A historic bridge in west London has been closed to traffic after "critical faults" were discovered in the structure.
Hammersmith Bridge, which opened in 1887, closed on Wednesday over safety concerns.
Cyclists and pedestrians can still use the Grade II* listed bridge but it will be closed to motorists "indefinitely", the London Borough of Hammersmith and Fulham said.
The council blamed government cuts for the closure.
A statement said: "We have a fully tested plan to refurbish the bridge and we're ready to start work. But, due to government budget cuts, Transport for London (TfL) says it can no longer fund the planned refurbishment.
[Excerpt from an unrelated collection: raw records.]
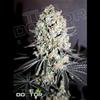 CRITICAL SPECIAL   * THE DOCTOR SEEDS  1 SEME FEM 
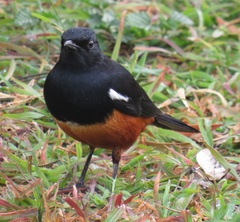 Thamnolaea cinnamomeiventris autochthones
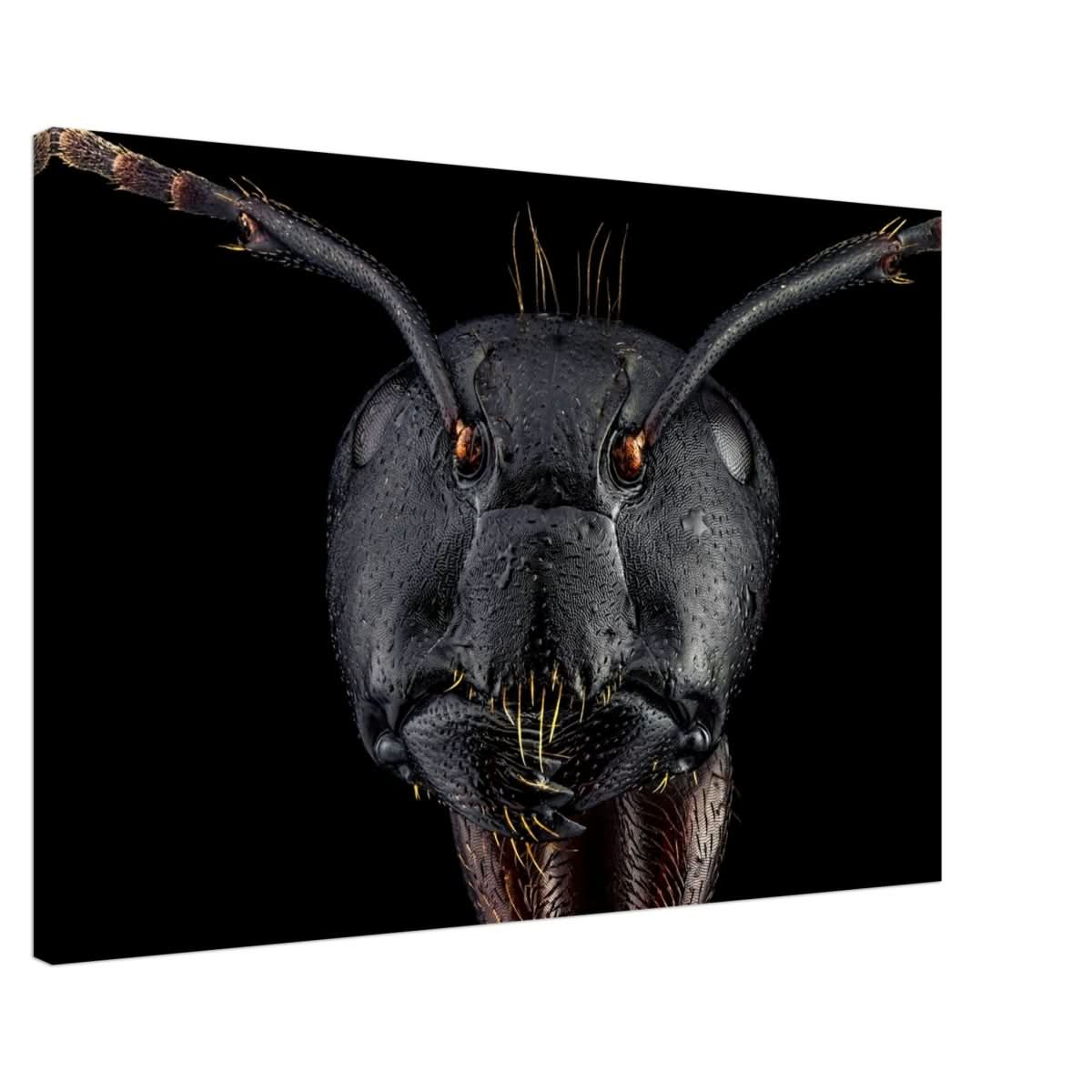 Da Vinci Animal Kingdom Art Wall art print | Dinomyrmex | Giant forest ant - Canvas - 60x90 cm / 24x36″ -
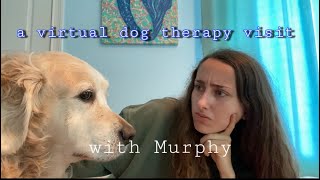 A Virtual Dog Therapy Visit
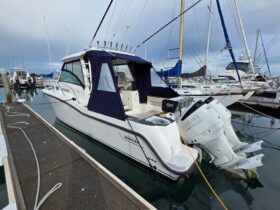 Boston Whaler 315 Conquest (2015)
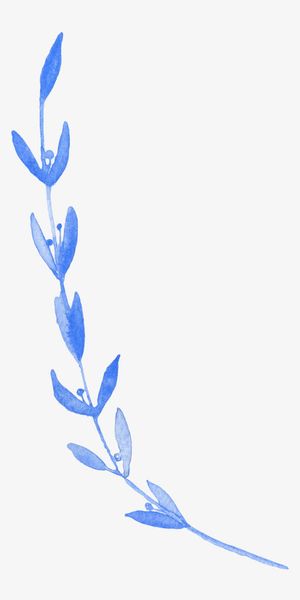 手绘叶子边框免抠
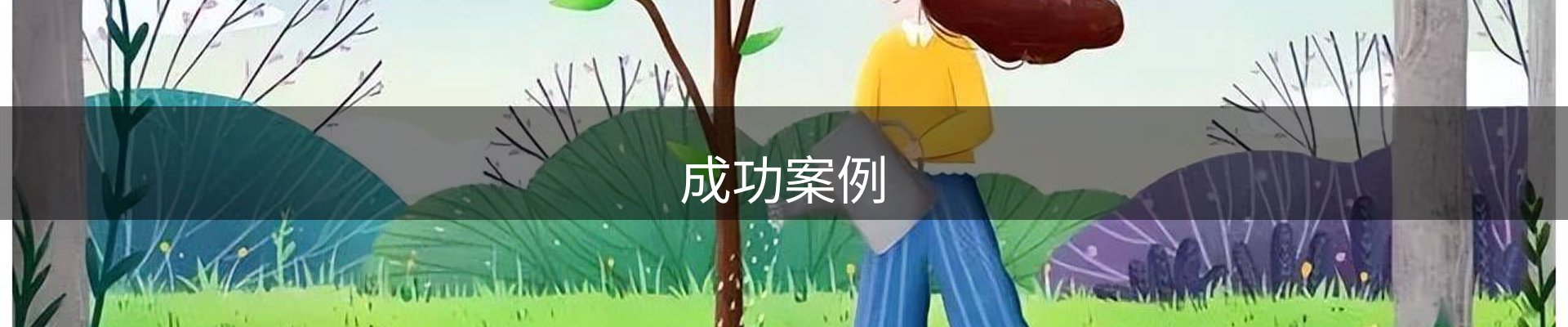 成功案例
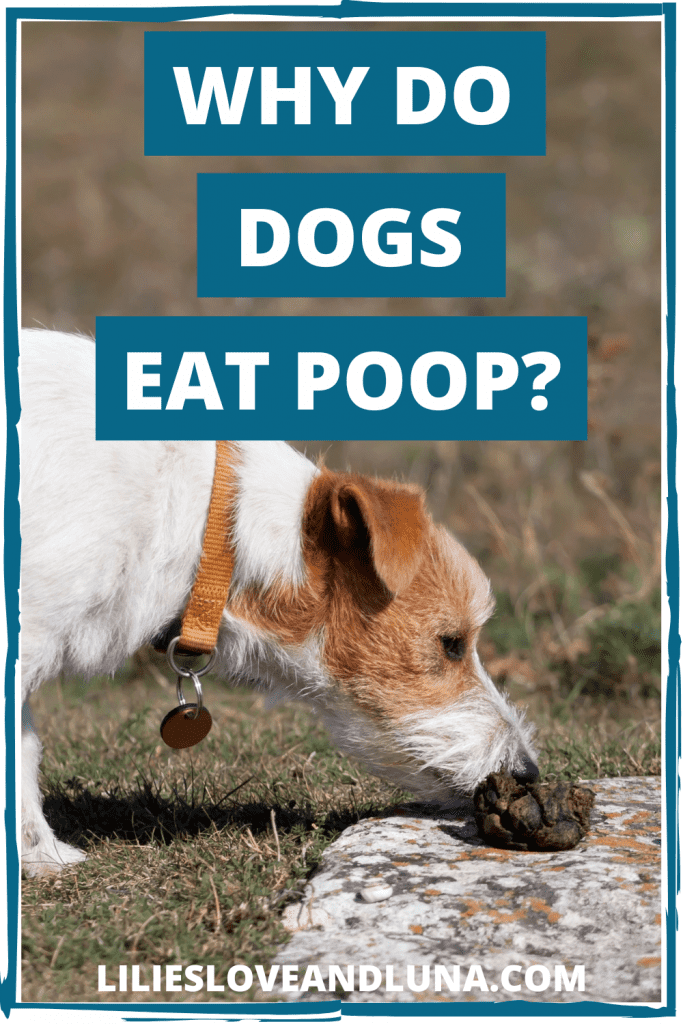 Pin image for why do dogs eat poop with a dog sniffing a pile of poop.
This is a huge disappointment.
"Regrettably, we've now been left with no option but to close the bridge indefinitely until the refurbishment costs can be met.
"So we're supporting TfL's call for the government to invest in this vital river crossing and national monument - so we can get on with the work and reopen the bridge."
The issues were discovered during a weekly safety check carried out by the council, which said diversions are in place for buses and other traffic.
The bridge has been closed several times in recent years because of structural issues.
The Department for Transport has been approached for a comment.
In January, motoring research charity the RAC Foundation warned that the maintenance backlog for council-owned road bridges in Britain has increased by a third in just 12 months.
Analysis of 2017/18 data revealed an estimated £6.7 billion is needed to ensure all the structures are up to scratch.
This is up from £5 billion in 2016/17.
Some 3,177 bridges in the worst condition have been categorised as "substandard", meaning they are unable to carry the heaviest vehicles.
Many of these structures are subject to weight restrictions, while others are under programmes of increased monitoring or even managed decline.